研究目的
To study the controllable photon energy deposition in laser irradiation of fused silica by temporally shaped femtosecond laser pulse trains and to understand the underlying mechanisms.
研究成果
The study demonstrates that photon energy deposition efficiency in processing of fused silica can be controlled by temporally shaped femtosecond pulse with different sub-pulse interval and intensity ratio arrangements. The results show that the decreasing pulse trains exhibit the highest photon energy deposition efficiency under high fluence, while the unshaped pulse produces higher energy deposition efficiency under lower fluence. These results are explained by a plasma model taking into account the ionization process and its feedback on the photon energy deposition.
研究不足
The study assumes that under same experimental conditions, the more photon energy deposited into fused silica, the greater degree of permanent modification, and thus the larger etching crater volume after being etched by HF. The effect of chemical etching on the laser irradiated sample is a very complicated process and certainly beyond the scope of the current study.
1:Experimental Design and Method Selection:
The study used temporally shaped femtosecond laser pulse trains with different envelope shapes (increasing, plain, and decreasing pulse trains) to irradiate fused silica samples.
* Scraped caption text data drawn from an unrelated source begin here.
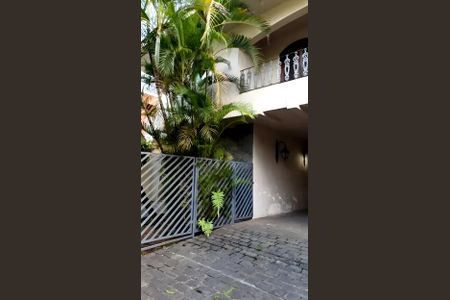 Casa para alugar com 360m², 5 quartos e 6 vagas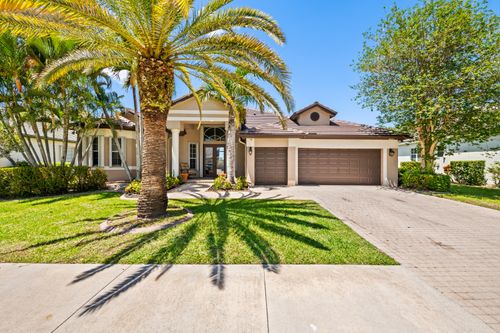 8027 N Savannah Cir, Davie, FL, 33328-3031 | Card Image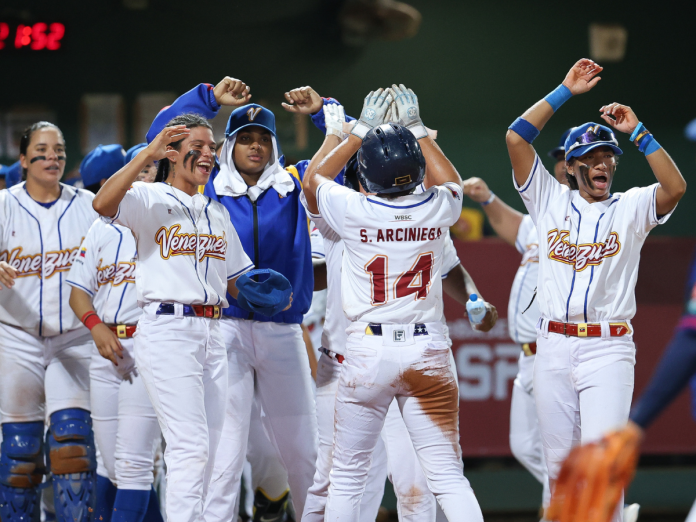 Srishna Arciniega y compañeras. (Foto: WBSC)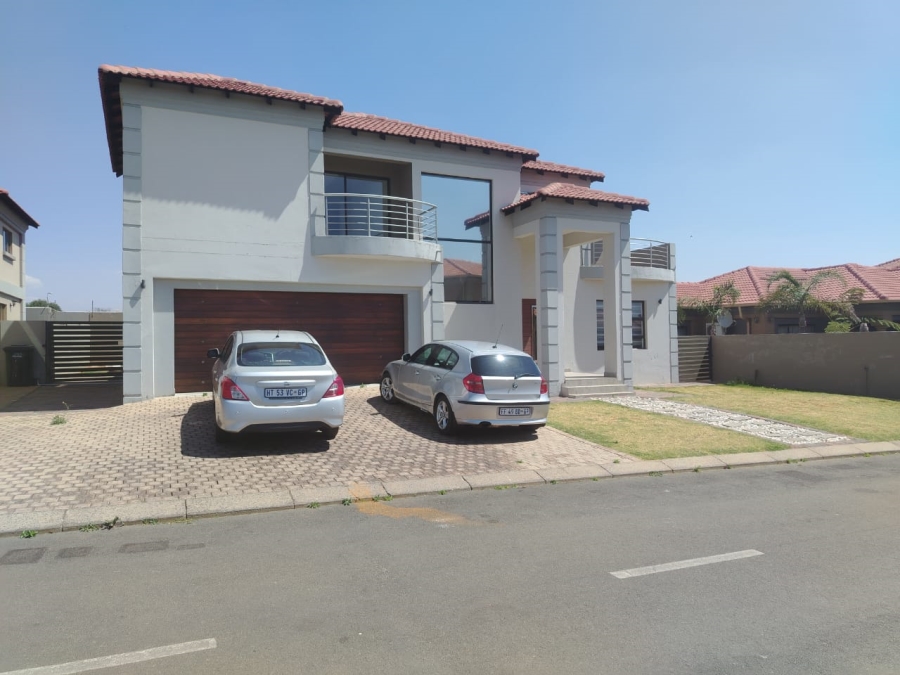 To Let 4 Bedroom Property for Rent in Parkrand Gauteng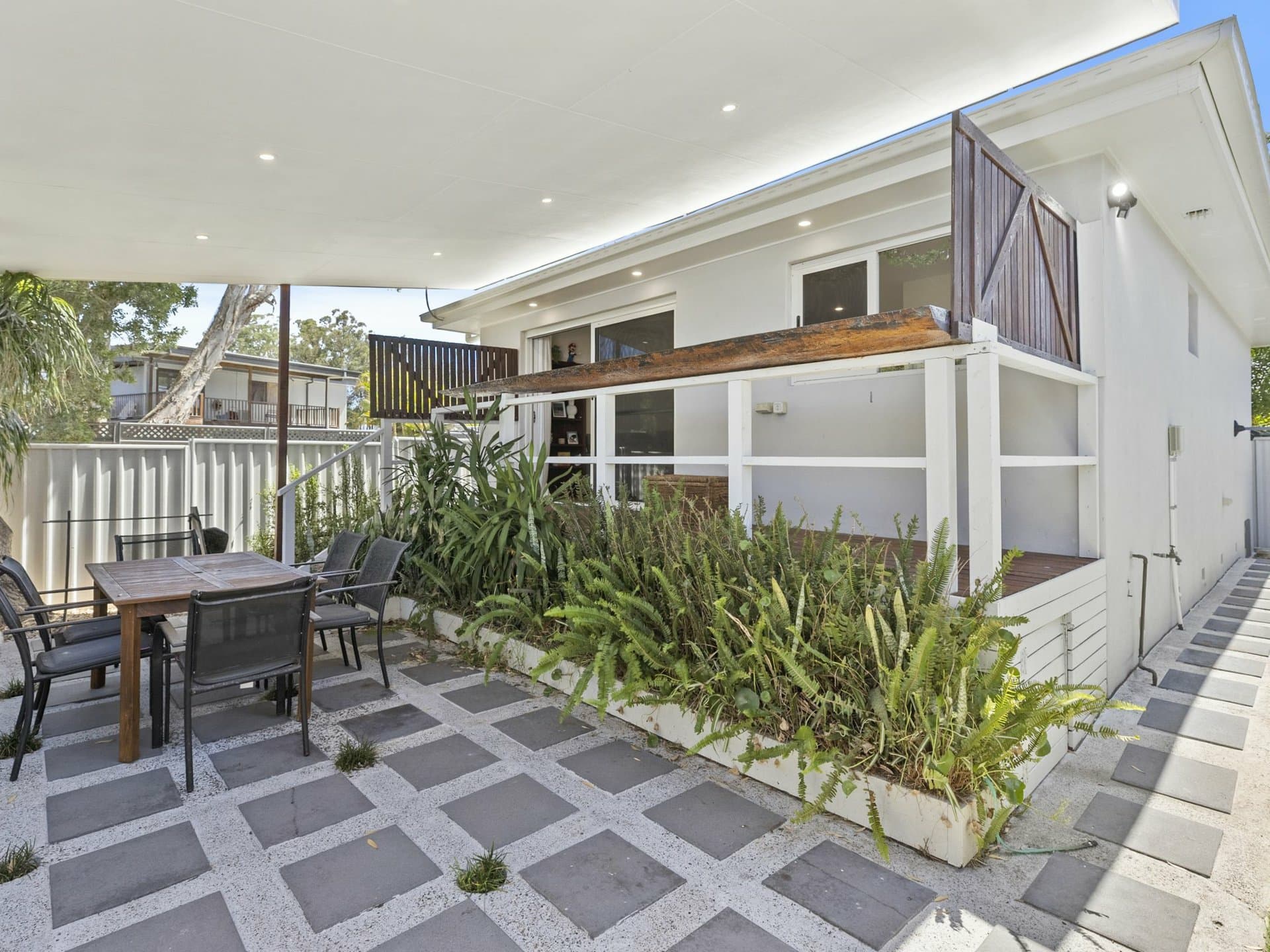 20 & 20A Black Swan Street, Berkeley Vale, Berkeley Vale - Thumbnail 3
The photon energy deposition efficiency was analyzed by measuring the morphology of the etching craters created by laser irradiation followed by chemical etching in hydrofluoric acid (HF) solution.
2:Sample Selection and Data Sources:
Highly polished fused silica samples (10 × 10 × 1 mm3) were used. After each single shot exposure, the sample was moved to a fresh position using a computer-controlled, six-axis moving stage.
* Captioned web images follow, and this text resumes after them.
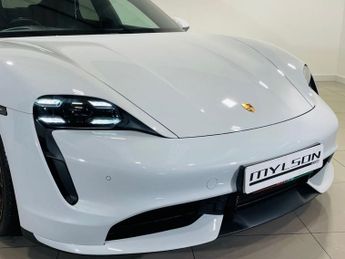 PORSCHE TAYCAN Performance Plus 93.4kWh Turbo Saloon 4dr Electric Auto 4WD (680
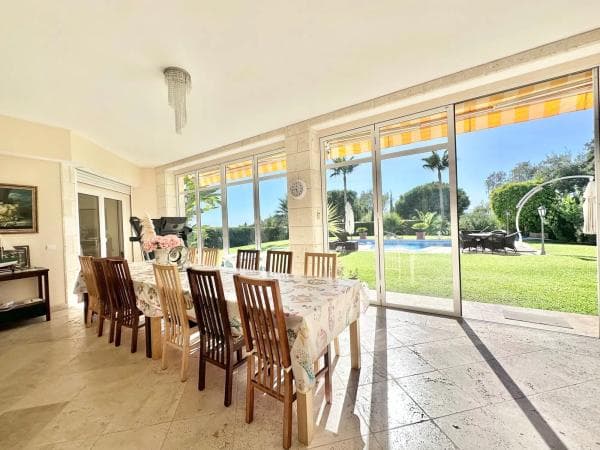Chalet independiente en venta en Calle Algarrobos los, Marbella
thumbnail 1
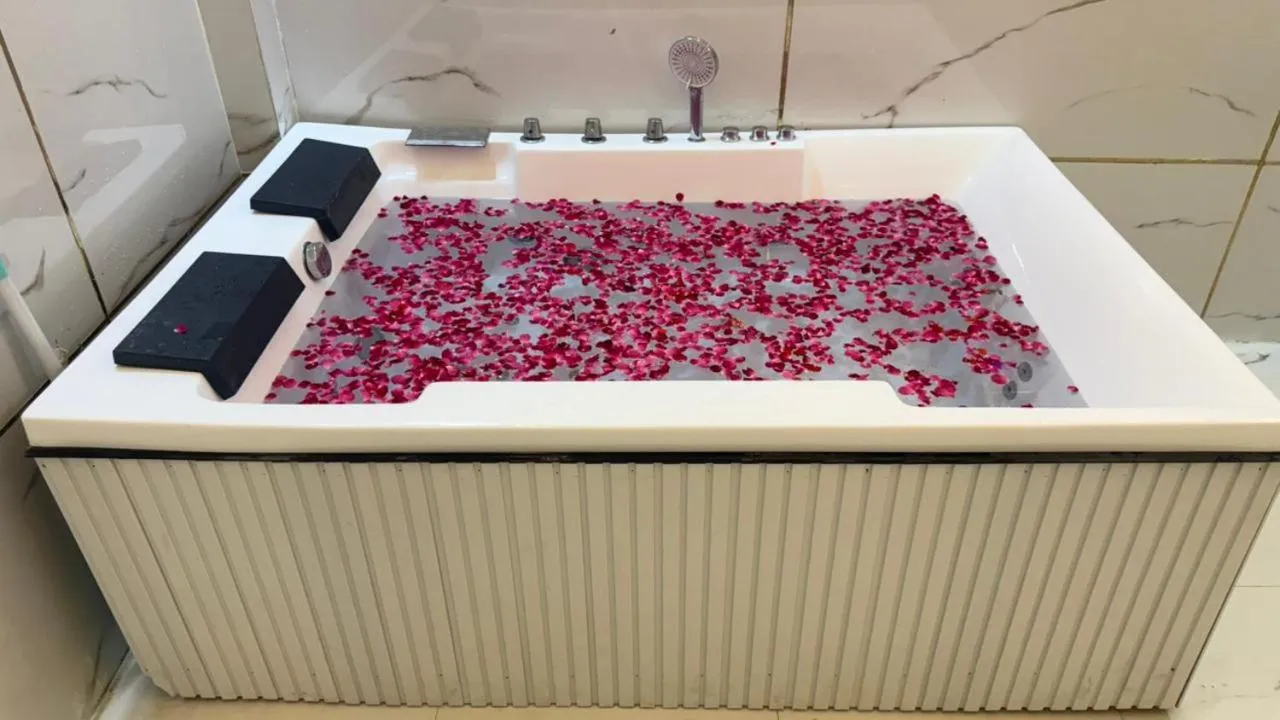 Bath in Bundeli Farm Resort & Banquet Orchha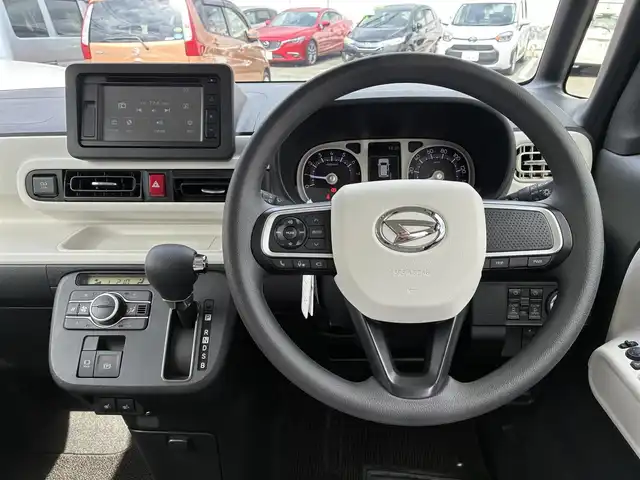 ダイハツ ムーヴ キャンバス ストライプス G 熊本県 2024(令6)年 0.5万km シャイニングホワイトパール/スムーズグレーマイカメタリック ワンオーナー/ディスプレイオーディオ/【CD/DVD/BT/AUX/USB】/全方位カメラ/衝突軽減ブレーキ/車線逸脱警報/パーキングセンサー/両側パワースライドドア/シートヒーター/ステアリングリモコン/アイドリングストップ/ＬＥＤオートライト/フォグランプ/電格式ミラー/社外フロアマット/電子パーキング/オートホールド/スマートキー/スペアキー/取扱説明書/保証書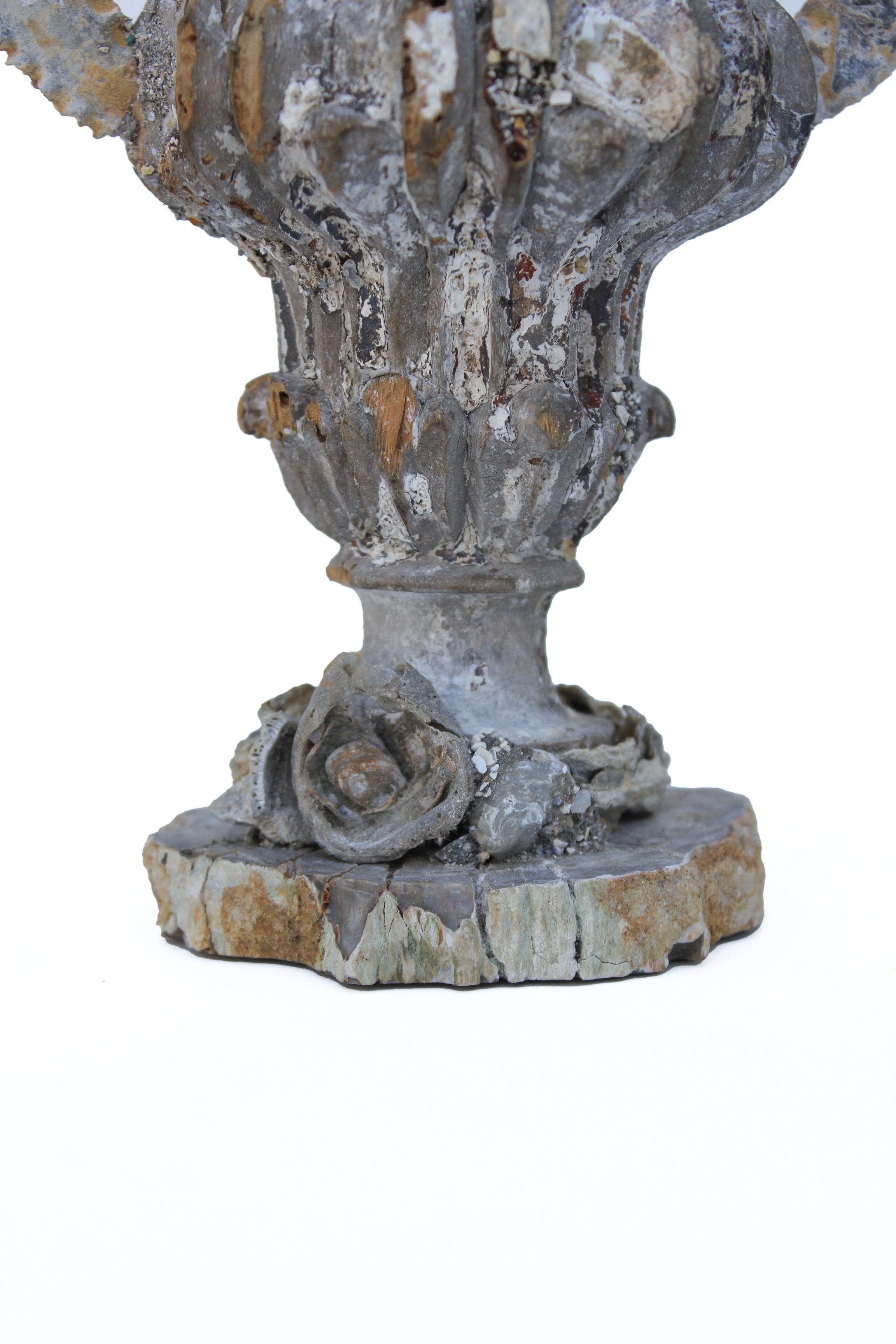 Vase „Florence Fragment“ aus dem 18. Jahrhundert mit Achatkoralle und Austernschalen aus Fossilien (Handbemalt) im Angebot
3:List of Experimental Equipment and Materials:
A Ti:sapphire regenerative amplifier system for fs laser source, a commercial pulse shaper (MIIPS-HD), a half-wave plate combined with a polarizer for pulse energy control, a 20× microscope objective for focusing, a scanning electron microscope (SEM; S-480, Hitachi, Japan) and an atomic force microscope (AFM; Bruker, EDGE, Germany) for morphology evaluation.
4:Experimental Procedures and Operational Workflow:
The laser beam was focused on the upper surface of the sample. After irradiation, the sample was immersed in 6% HF solution assisted with ultrasonic bath to visualize the permanent modification induced by laser irradiation. The morphology of the etched craters was evaluated using SEM and AFM.
5:Data Analysis Methods:
The photon energy deposition efficiency was quantitatively evaluated based on the depth and volume of etching craters. Micro-Raman Spectroscopy was employed to study internal changes of fused silica sample irradiated by fs pulse.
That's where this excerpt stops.